Fans of creators on YouTube Gaming will now be able to buy things directly from their favourite channels, as well as support them with a small amount of $4.99 per month. Those who sponsor pages will get several perks that include custom badgers and custom emoji that are designed by the creators themselves. These can be used in live chats to help them “stand out from the crowd,” and more are unlocked as a creator gains more sponsors. Creators can upload their custom badges and emoji, and use them in real-time as certain sponsorship milestones are reached, and passed.
Additionally, sponsors will also be able to access a special sponsonrs-only live chat which also gives them immunity from “slow mode” – a feature that prevents fans from commenting too often in a live chat. Creators will also be able to set up perks through 3rd-party services. For example, “on-stream alerts that you’ve received a new subscriber via Streamlabs or an exclusive Discord sponsors-only server where fans can connect and chat together.”
Some YouTube Gaming creators who already use sponsorships have seen a lot of success. YouTube Gaming Product Manager, Barbara Macdonald, provided a few examples:
[quote]GameAttack makes most of their channel revenue via sponsorships and Super Chat.
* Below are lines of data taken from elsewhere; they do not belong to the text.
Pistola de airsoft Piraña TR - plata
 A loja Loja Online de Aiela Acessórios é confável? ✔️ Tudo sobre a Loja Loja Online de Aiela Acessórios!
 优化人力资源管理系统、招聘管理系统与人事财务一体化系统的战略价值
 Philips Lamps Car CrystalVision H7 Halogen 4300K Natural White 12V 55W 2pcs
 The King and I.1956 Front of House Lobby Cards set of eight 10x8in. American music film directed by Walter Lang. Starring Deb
Rocket Beans earned 1,500 sponsors in their first day. And ONE_shot_GURL’s monthly celebratory wall of sponsors is getting so full, it’s running out of room.[/quote]
MacDonald also went on to explain that sponsorships are available to all eligible channels, so if a channel is eligible, enabling the feature is easy. Just go to youtube.com/features. Finally, MacDonald also announced that the company is also testing another version of the feature with ordinary YouTube creators. If you’d like to see this in action, you can check out Lauren Fairweather’s or Que Diabos’ channel. If you are interested in the feature, simply sign up and try it.
Finally, YouTube is now shutting down its “paid channels” feature it had launched in 2013. With less than 1% of creators using it four years later, it’s clear that the idea never really took off.